***** The data *****

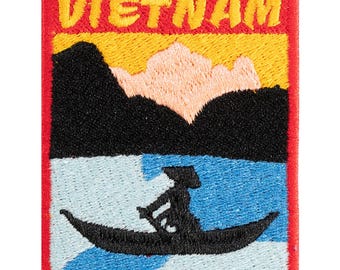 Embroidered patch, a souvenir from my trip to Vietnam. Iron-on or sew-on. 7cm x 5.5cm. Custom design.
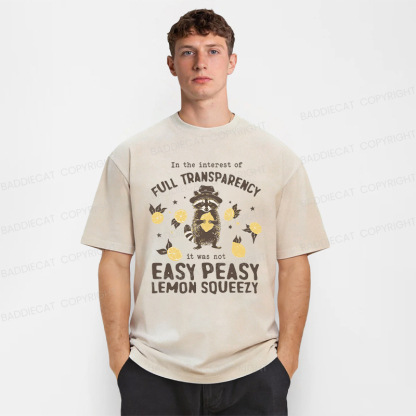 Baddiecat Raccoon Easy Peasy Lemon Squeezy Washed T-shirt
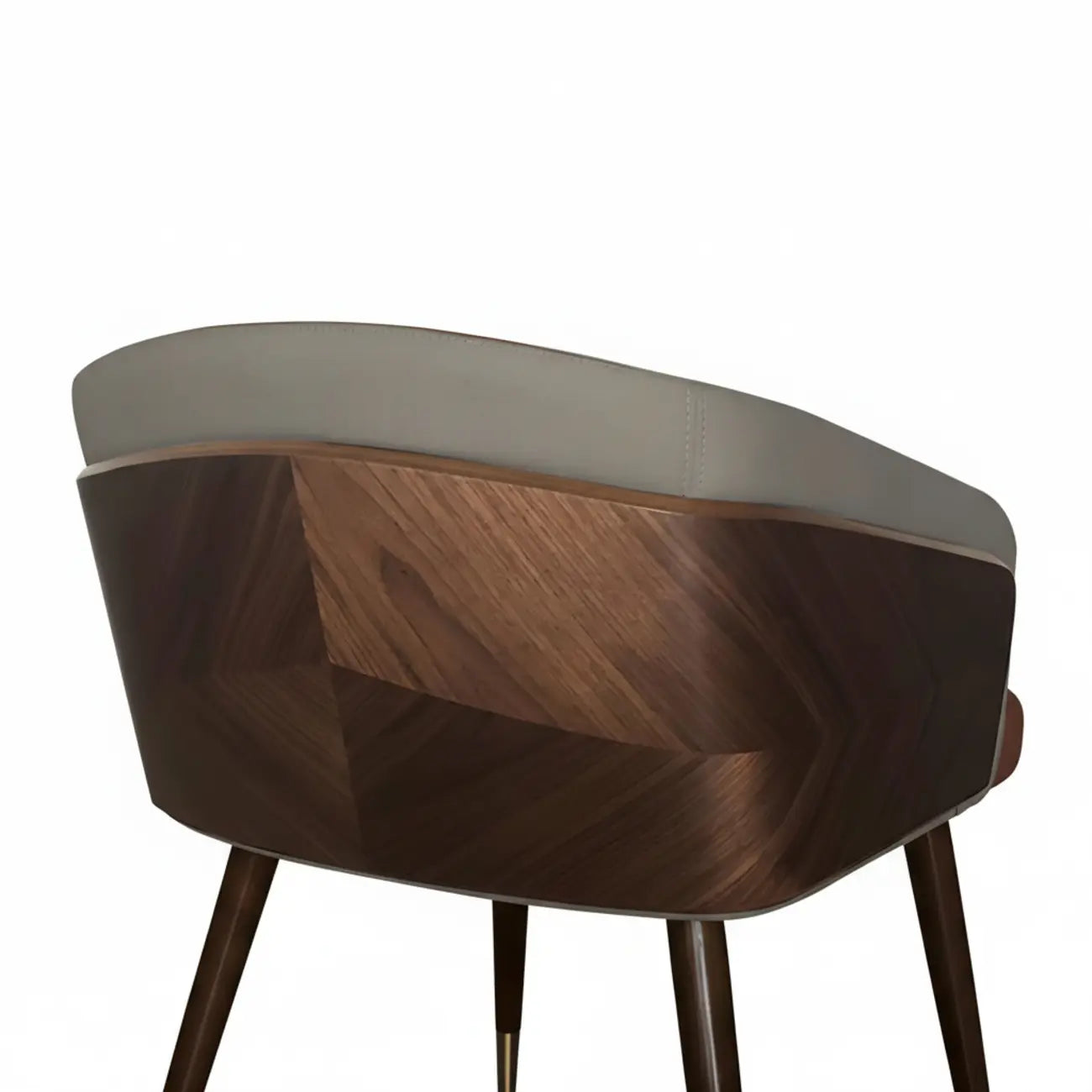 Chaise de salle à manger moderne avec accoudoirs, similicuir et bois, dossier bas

*****
***** The data *****

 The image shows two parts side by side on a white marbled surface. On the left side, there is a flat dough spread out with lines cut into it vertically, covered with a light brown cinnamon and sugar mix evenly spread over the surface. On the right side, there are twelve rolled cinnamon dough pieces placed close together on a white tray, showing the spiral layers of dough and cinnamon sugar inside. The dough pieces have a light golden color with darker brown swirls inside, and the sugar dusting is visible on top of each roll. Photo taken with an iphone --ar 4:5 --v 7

*****
***** The data *****

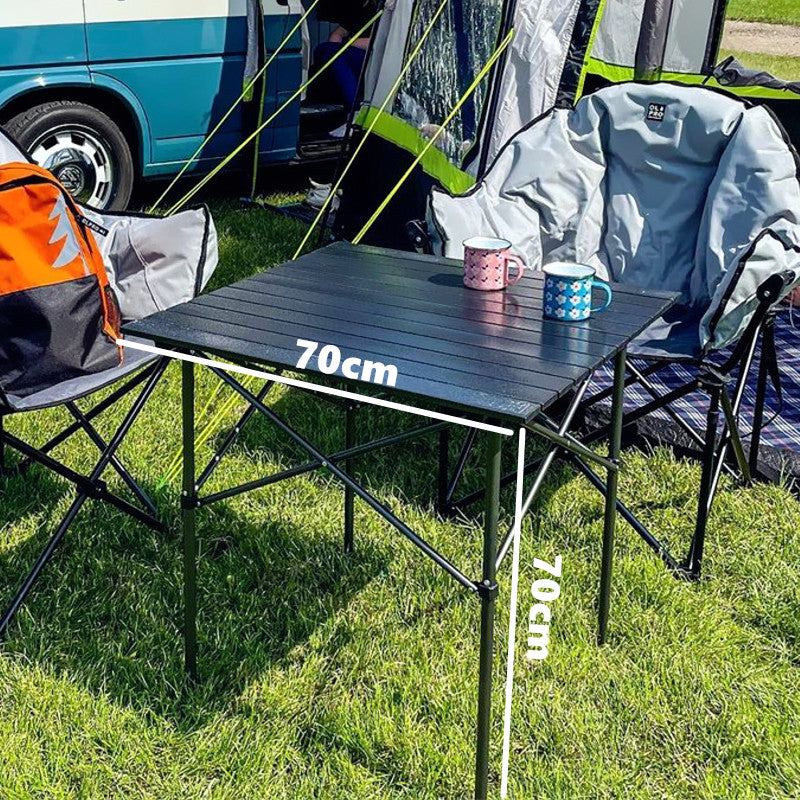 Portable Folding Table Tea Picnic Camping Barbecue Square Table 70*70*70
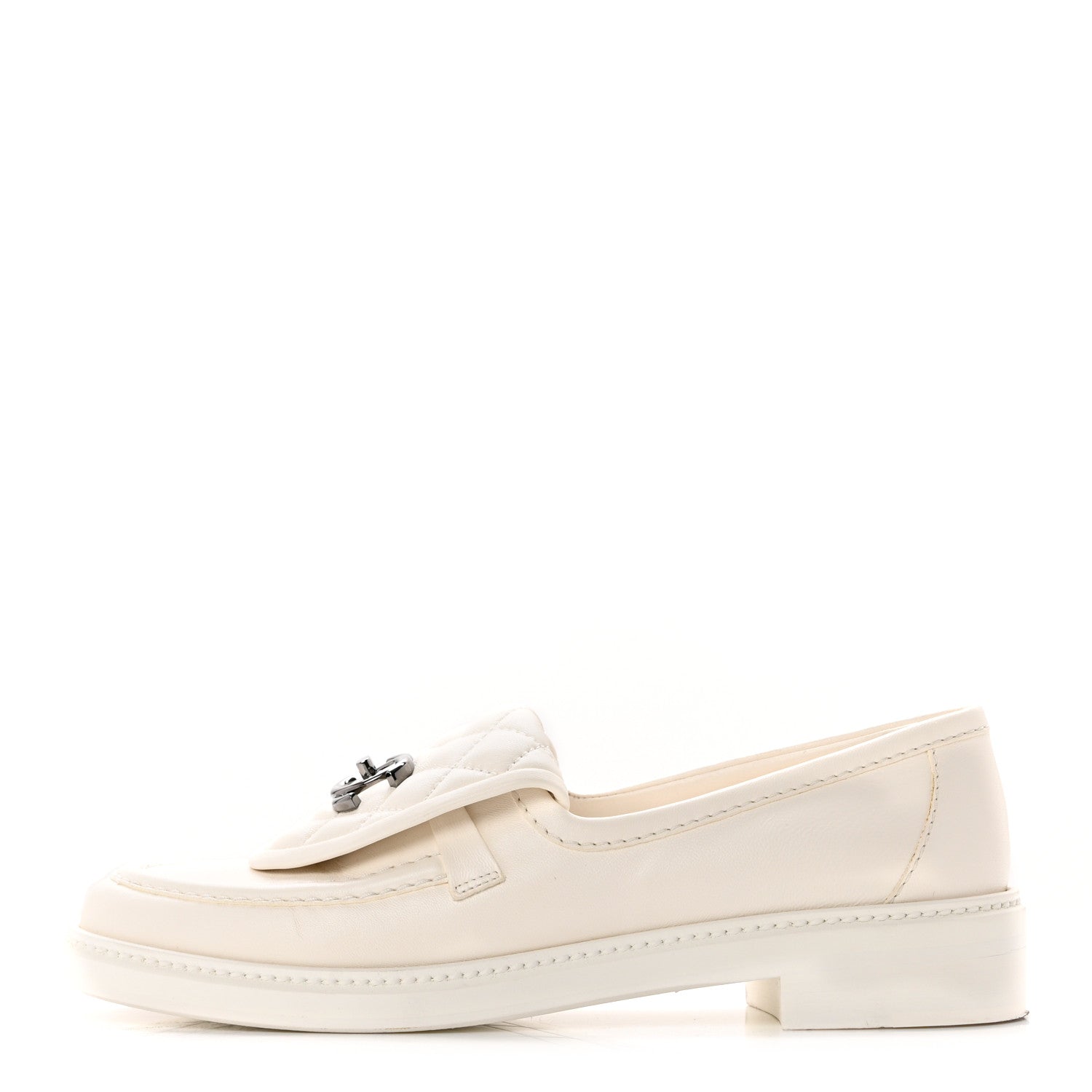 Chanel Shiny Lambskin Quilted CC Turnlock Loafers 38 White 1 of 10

*****

> _Exercise instructions_
Go back to the listing above and reproduce, exactly, the stretch from the line bearing "Embroidered patch, a" through the line bearing "Chaise de salle", without its pictures.

> _Your solution_
 Embroidered patch, a souvenir from my trip to Vietnam. Iron-on or sew-on. 7cm x 5.5cm. Custom design.
 Baddiecat Raccoon Easy Peasy Lemon Squeezy Washed T-shirt
 Chaise de salle à manger moderne avec accoudoirs, similicuir et bois, dossier bas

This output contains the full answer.